Well hello, Beauties,
It's been a minute. Loads of things going on professionally as well as in my personal life. On the professional front, among other things, out before the end of the year, I have an essay which will be published in an anthology of protest essays, in June Ropeadope Records will be releasing our album with Jazz legend Gianni Cazzola, and production is beginning in earnest for our follow-up to the NoteSpeak album. Please do sign up for our newsletter for more on all of this. But for now, a bit of the personal...

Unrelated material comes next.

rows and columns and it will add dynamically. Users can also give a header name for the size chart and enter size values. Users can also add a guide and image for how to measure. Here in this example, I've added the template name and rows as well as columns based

I went to Florida to meet my recently found birth father, Isell. Meeting him was poetry and magic. Tenderness and joy. Laughter and pathos. This is the man who, for 55 years, has been thinking about me, looking for me, loving me, and imagining where and who I might be.

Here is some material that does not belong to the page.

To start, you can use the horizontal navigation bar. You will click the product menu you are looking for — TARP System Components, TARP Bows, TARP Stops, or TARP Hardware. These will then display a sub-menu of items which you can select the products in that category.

We’d been FaceTiming for a month or so before I went to meet him in person. From our first conversation, I felt such a connection. He’s an incredible storyteller, and at 85, he has plenty to tell. Growing up in Alabama in the Jim Crow South. Making his way in the Air Force as a civil engineer and giving back to the community through so many good works. He’s spry and funny, and I was already captivated by him before we even got to Florida.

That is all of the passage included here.